Rotten Tomatoes Critics Rating: 95%; audiences: 79%.

Cezanne: Portraits of a Life

Cezanne

Paul Cézanne, “Self Portrait in a Bowler Hat,” (1885-86)

This beautiful documentary, directed by Phil Grabsky (trailer), was created to accompany a joint exhibition of some 60 of Paul Cézanne’s portraits being mounted by London’s National Portrait Gallery, The National Gallery of Art, Washington, D.C., and the Musée d’Orsay in Paris.

Better known for his still lifes and landscapes, the portraits, which New Yorker critic Peter Schjeldahl says were “the genre most resistant to Cézanne’s struggle” are nevertheless worthy of careful attention. Certainly the museum staff who provide commentary for the film have been captivated by them. Yet the artist’s struggle is evident in his letters to his friends, read in voice-over.

What I found most thrilling were the extreme closeups of the painted surface that seeing the works on a big screen provided. In a postcard (!) or print in a book, or even glanced at in a gallery, the paintings may look rather flat, but the huge enlargement allows you to see the many layers of color used to create that surface and to appreciate these works in a completely new way. Some of the landscapes and a few still lifes also receive this close-in treatment.

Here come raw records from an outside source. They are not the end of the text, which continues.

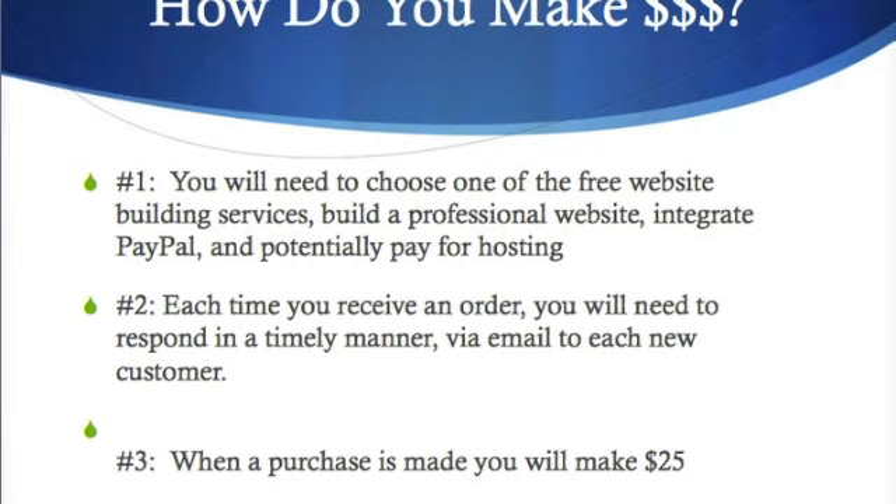Number two, each time you receive an order you will need to respond in a timely manner via email to each new custom order by processing that order. And number three, when the purchase is finally made you will receive $25.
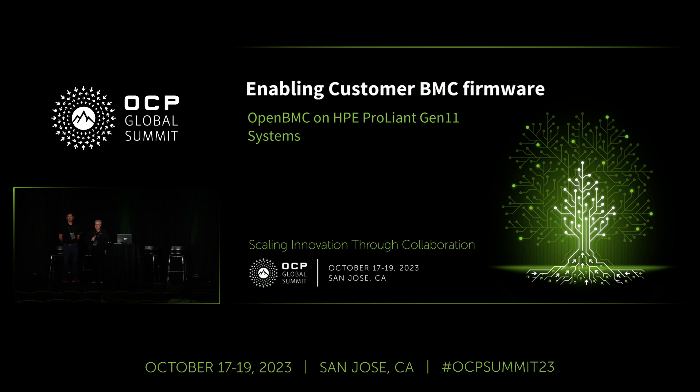Good evening everybody. My name is Richard McQuade and this is my colleague Charles Kearney — we're both with HPE. I run the OpenBMC program management office for HPE. I've been working with the team of developers and marketing to get us to where we are today.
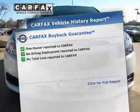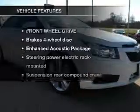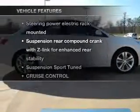Know the history on this ride and greatly reduce your buying risk with the included Carfax Vehicle History Report. Plus, enjoy these notable features that are included in this vehicle.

Although Cézanne masterfully depicted the faces and the hands of his subjects, he said that these were not what constituted the “portrait” of a person, but indeed the whole canvas—the clothing, the chair, the background, all together, were the true portrait. See it if you can.

The exhibit has had its Paris and London runs and will be in Washington March 25-July 1, 2018.